In 1985, FCC Chairman Mark Fowler studied the Fairness Doctrine and the commission published a report acknowledging that the Fairness Doctrine violated freedom of speech and actually diminished public discussion of important issues. Two years later, in August 1987, the Federal Communications Commission, by a unanimous vote, decided to end the Fairness Doctrine, stating:

The intrusion of government into the content of programming … actually inhibits the presentation of controversial issues of public importance to the detriment of the public and the degradation of the editorial prerogative of broadcast journalists.

Dennis Patrick, who was FCC chairman at the time, noted:

We seek to extend to the electronic press the same First Amendment guarantees that the print media have enjoyed since our country’s inception.

Some in Congress opposed the decision almost at once, and although the Fairness Doctrine has not been applied since August 1987 the language implementing it was not actually removed until last year. Attempts have been made to codify the Fairness Doctrine into federal statute. President Reagan vetoed such legislation, and later President George H. Bush threatened a veto when similar attempts were made in Congress.

Democrats in Congress have introduced bills to create something like the Fairness Doctrine in the last decade. In 2005 Congresswoman Louise Slaughter of New York introduced the “Fairness and Accountability in Broadcasting Act,” which did not get out of committee. Senator Durbin of Illinois in 2007 stated that “it’s time to reinstitute the Fairness Doctrine.” In 2008 Speaker of the House Nancy Pelosi, when asked by Human Events journalist John Gizzi if she favored reintroduction of the Fairness Doctrine, answered “Yes.”

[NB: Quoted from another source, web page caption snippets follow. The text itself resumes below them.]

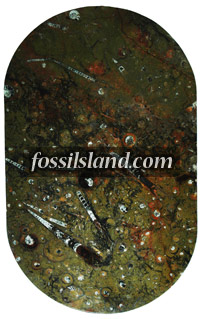 Table design Oval : image 1 0f 1 thumb
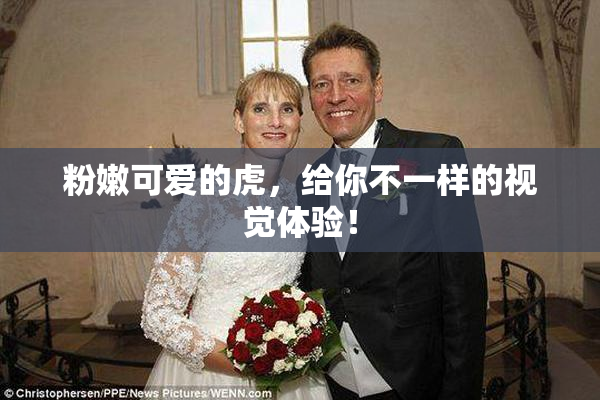 粉嫩可爱的虎，给你不一样的视觉体验！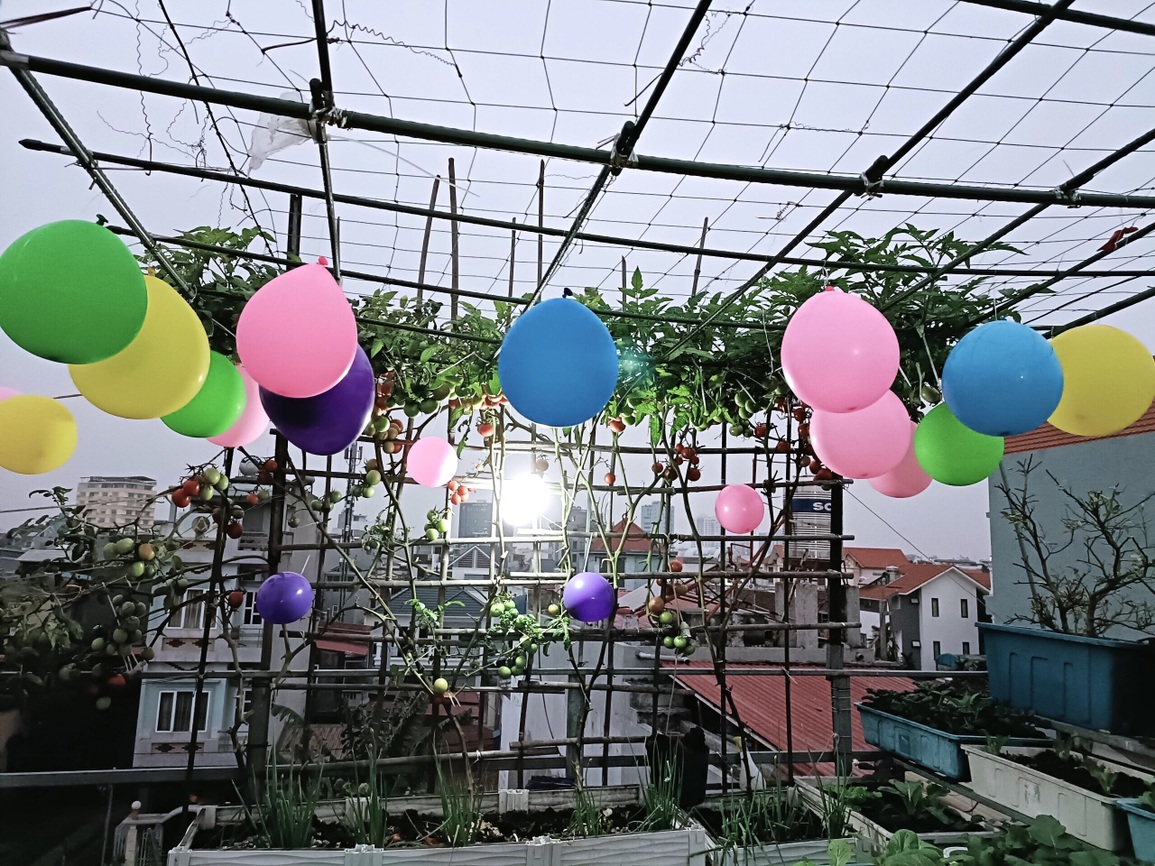 Mẹ đảm ở Hải Phòng kỳ công về quê chở đất, kéo từng bao lên phố trồng rau - 12 Mẹ đảm ở Hải Phòng kỳ công về quê chở đất, kéo từng bao lên phố trồng rau - 12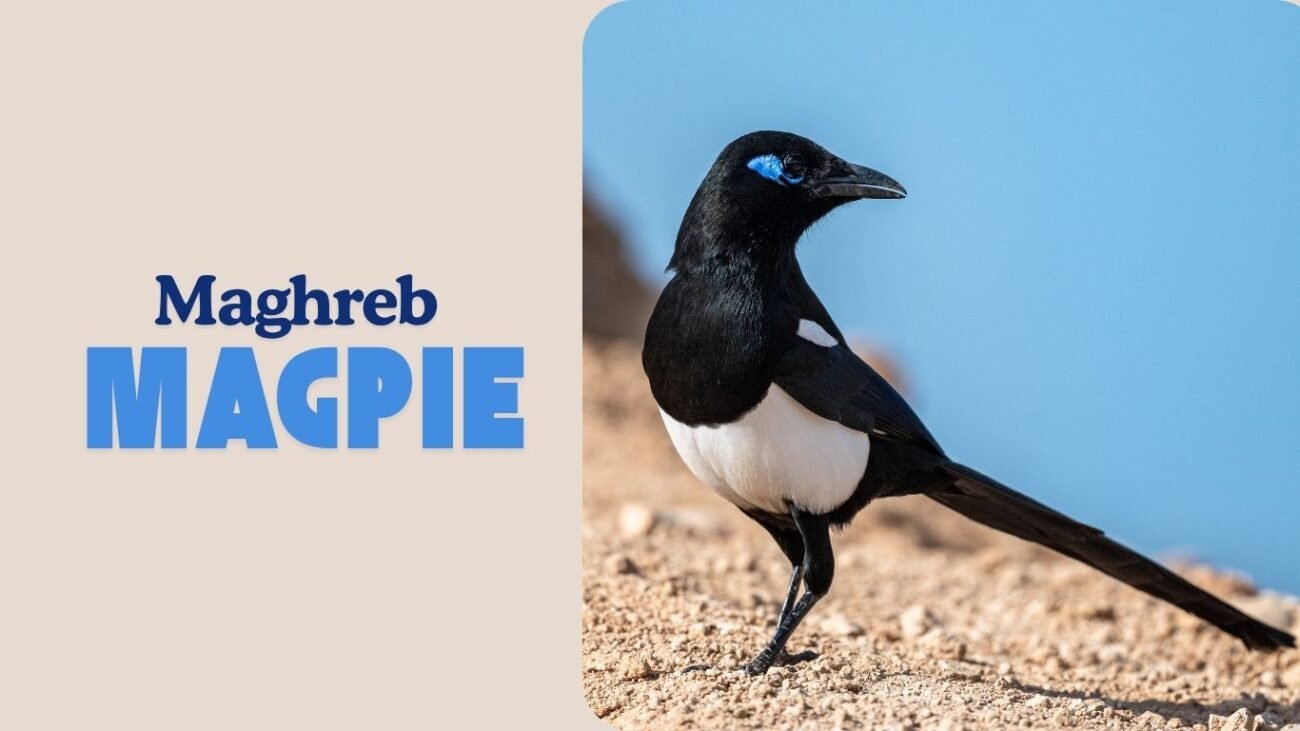 Maghreb Magpie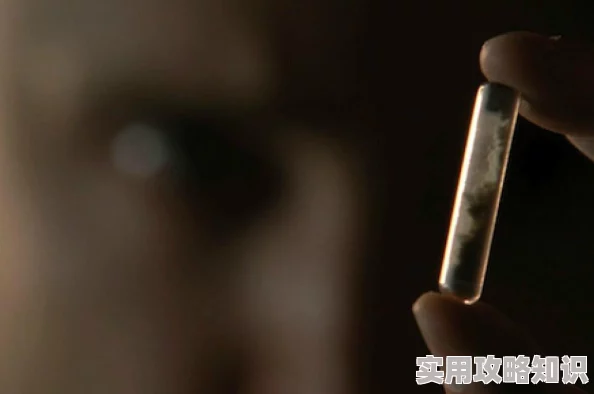 网友热议：致命解药存档点高效刷衣服技巧大揭秘及实用评价
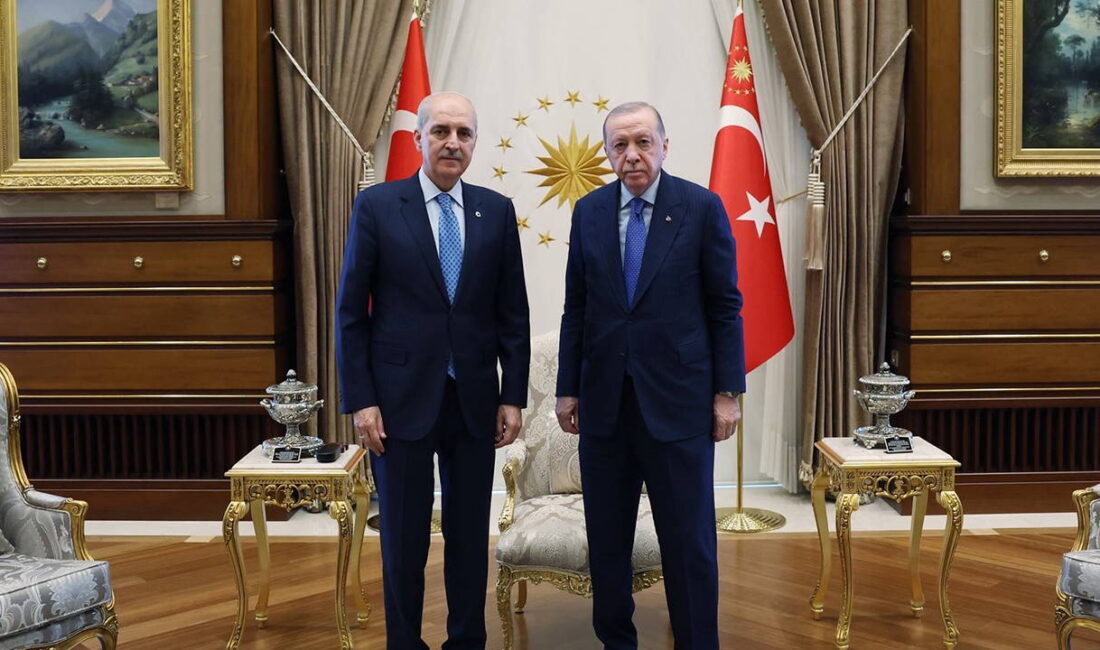 Cumhurbaşkanı Recep Tayyip Erdoğan, Türkiye Büyük Millet Meclisi (TBMM) Başkanı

Senator Tom Harkin of Iowa stated in 2009 that “we gotta get the Fairness Doctrine back in law again … they are just shutting down progressive talk from one city after another. That’s why we need the fair — that why we need the Fairness Doctrine back.” Former President Clinton, a few days later, said: “Well, you either ought to have the Fairness Doctrine or we ought to have more balance on the other side, because essentially there’s always been a lot of big money to support the right wing talk shows.”

If efforts to impose the Fairness Doctrine by statute have failed, efforts to prevent the FCC from reinstituting the Fairness Doctrine regulations have failed as well. President Obama has publicly stated that he opposes the Fairness Doctrine, but no bill relating to the Fairness Doctrine has reached his desk for him to sign or veto.

The most troubling fact about those who favor a new Fairness Doctrine is the stated objective of countering a certain point of view (conservative) in a particular medium (radio). The clear intent is to suppress conservative talk radio by imposing onerous duties on radio station to provide liberal talk radio, which in the free market of ideas does not attract enough of an audience to justify programs today.

The First Amendment is clear on the matter, and the term “press” has historically been interpreted to be all forms of media communication with the public. Film, for example, was not foreseen directly by the Founding Fathers, yet no one has seriously suggested that the political or philosophical content of film can be regulated by federal bureaucrats. Curiously, in the Fairness Doctrine debate, proponents of a new statutory requirement that broadcast media be “fair” never suggest that network news or network broadcasting is overwhelmingly liberal, even though television has both a video and audio component and its audience is larger than the national radio audience.

In the 25 years since the Fairness Doctrine was repealed by the FCC, the variety of opinions available in the broadcast media, by almost any definition, has increased remarkably. This is what the First Amendment was intended to encourage. When the “press” meant simply newspapers, most of these periodicals were overtly partisan. Our Founding Fathers understood that publication “neutrality” was an illusion and that any effort to regulate expression of political opinion was dangerous. Do we grasp this today?